La biodinámica craneosacral es una terapia suave pero a la vez profunda. Trabaja con el tejido y los líquidos que rodean y protegen el cerebro y la médula espinal, y con el ordenamiento interno del sistema de salud del cuerpo.
Este sistema tiene su propio ritmo —distinto al de la respiración o al del corazón— que podríamos llamar mareas energéticas internas.
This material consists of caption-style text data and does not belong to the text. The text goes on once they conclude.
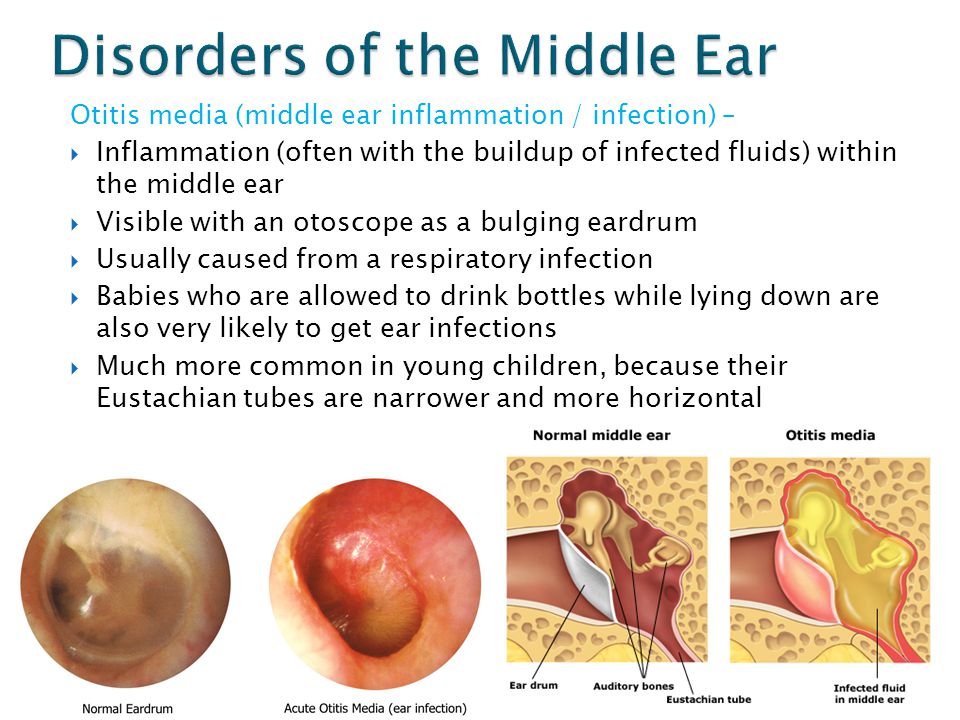 Childhood Diseases  On a Mission to Educate: Ear Infections  Steemit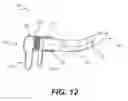 Fig. 09 - Articulating needles and related methods of use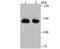 Splicing Factor 3b Subunit 1 antibody, A00507-1, Boster Biological Technology, Western Blot image 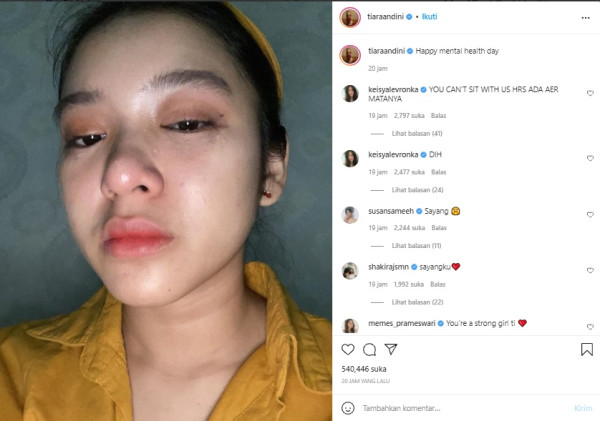 Rayakan Mental Health Day, Tiara Andini Unggah Foto Mata Sembab
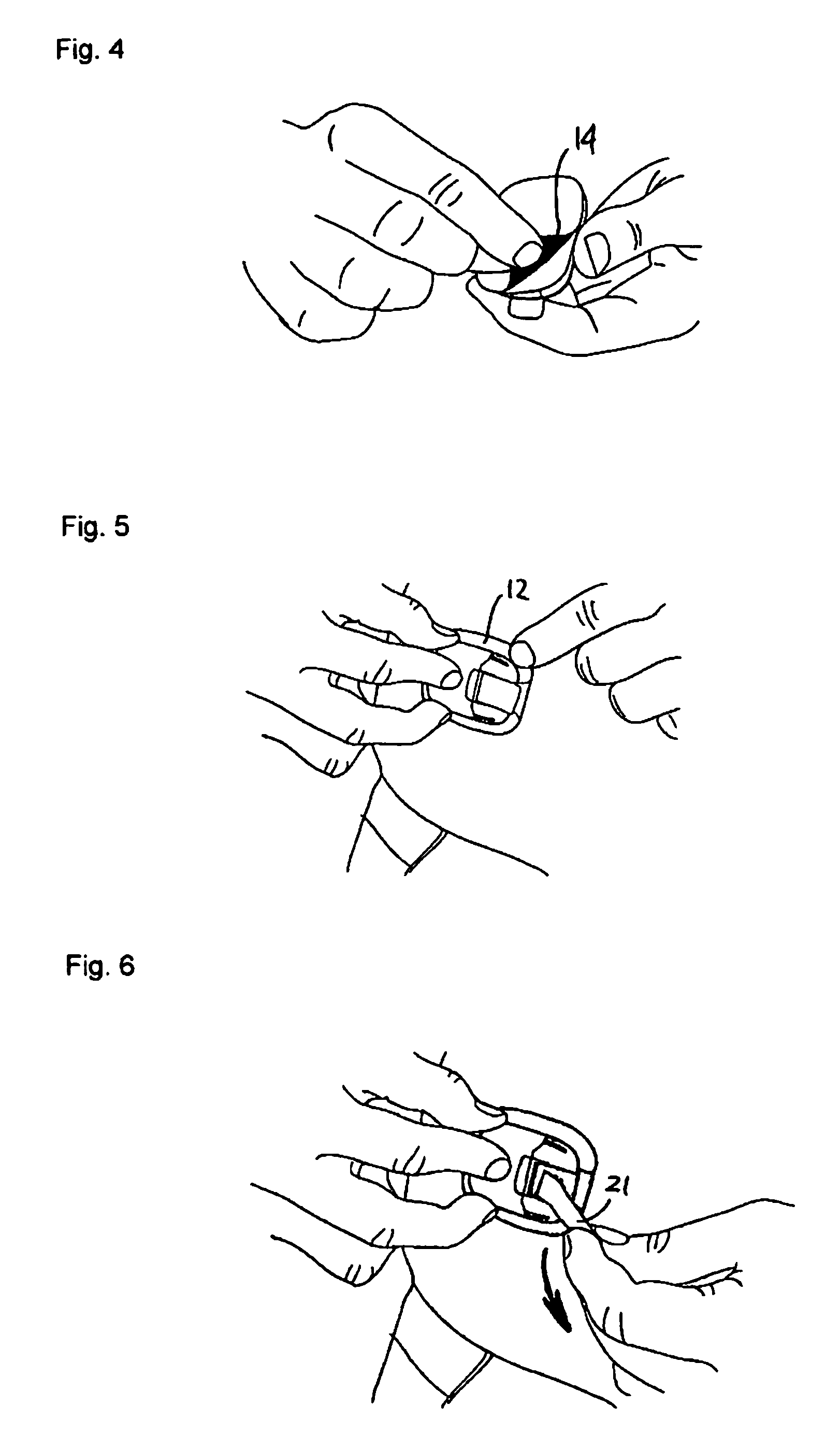 Retraction means for transcutaneous device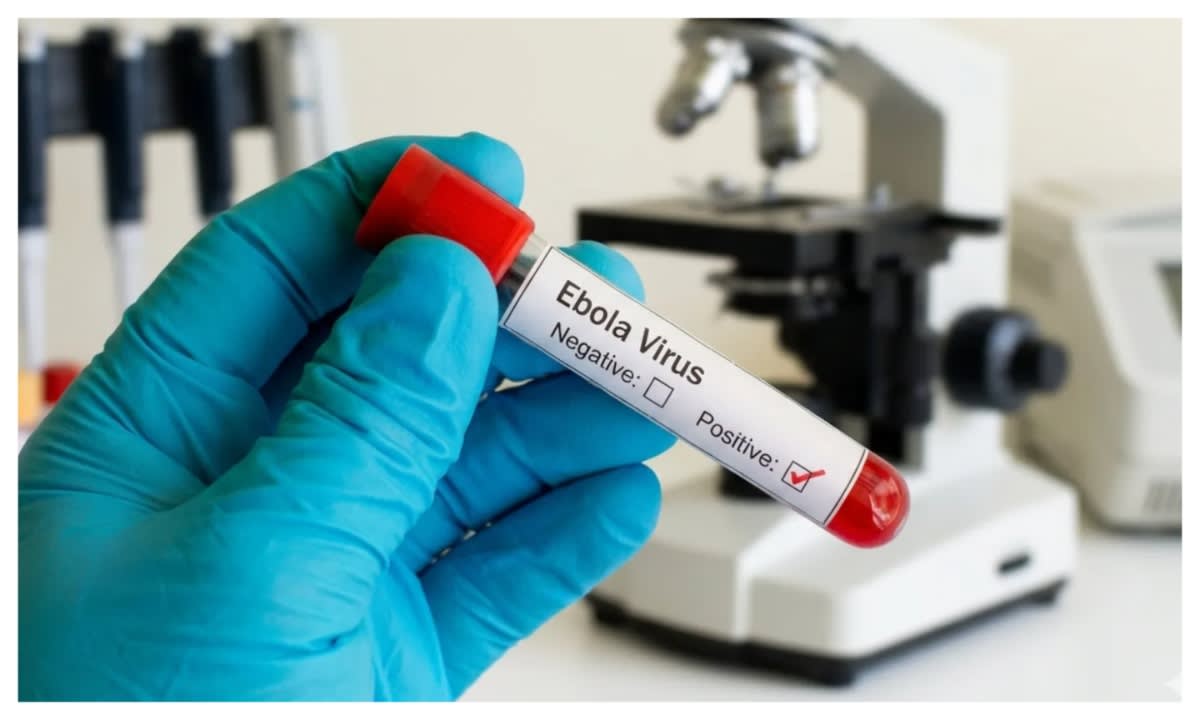 Ebola and Malaria Share Overlapping Symptoms in Early Stages, Nigerian Doctors Warn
Cuando algo altera esas mareas, se afecta el cuerpo entero: el físico, el emocional, la mente.
La biodinámica craneosacral nace de la osteopatía y trabaja con la capacidad natural de curación que tiene cada cuerpo. La terapeuta actúa como facilitadora: crea las condiciones para que la inteligencia propia de la salud tenga un lugar donde expresarse. Todo ocurre en un intercambio que respeta el ritmo de cada persona.
¿Cómo es una sesión?
Siempre vas a estar vestido sobre la camilla —conviene venir con ropa cómoda y el celular en silencio.- La terapeuta apoya las manos con una presión muy leve, a veces casi imperceptible, en distintas zonas del cuerpo. En general se empieza por la cabeza o por los pies, y a lo largo de la sesión se va escuchando el ritmo del cuerpo. Desde ese contacto respetuoso, se invita al sistema a soltar tensiones profundas —quizás antiguas, quizás recientes.
Es una experiencia silenciosa e introspectiva. Muchas personas sienten que el cuerpo suelta algo que venía cargando.
La sesión dura entre 45 minutos y 1.15 hs. Luego, ese día, es importante no realizar actividad física, ir a casa a descansar y tomar mucha agua.